A “guiding opinion” document on “high quality development” in the steel industry has suggested the sector should target peak carbon emissions “by 2030”, rather than “before 2025” as floated last March.
The document was released on 7 February by three central government ministries. The revised date reflects signals from the top for China to decarbonise in a gradual and steady manner. These were issued most strongly in December 2021 when President Xi called for “the correct understanding of carbon peaking and carbon neutrality… Decarbonisation should be carried out steadfastly – but not achieved with one stroke.”
China produces over half of the world’s steel. The sector is the second largest carbon emitter in the country, after the power sector. Until 2021, the industry had seen unwieldy and seemingly unstoppable growth, propelled by domestic demand from the construction industry, as well as surplus production capacity. Previous attempts to limit capacity and control production have had limited success. However, last year saw the first decline in annual steel output in six years.

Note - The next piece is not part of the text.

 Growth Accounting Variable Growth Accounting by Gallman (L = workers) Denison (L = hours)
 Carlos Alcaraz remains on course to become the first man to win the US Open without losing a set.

Decarbonisation in the steel industry is complex. Smelting requires intense heat and large amounts of electricity, both of which have traditionally been supplied by burning coal.
The new guiding opinion calls for increasing efficiency and reducing emissions, as well as ensuring at least 15% of crude steel is produced by electric arc furnaces (using scraps) by 2025. A recent report by Global Energy Monitor shows that, to date, there has been little progress in increasing the share of electric arc furnaces. The guiding opinion also “strictly forbids” adding new steelmaking capacity.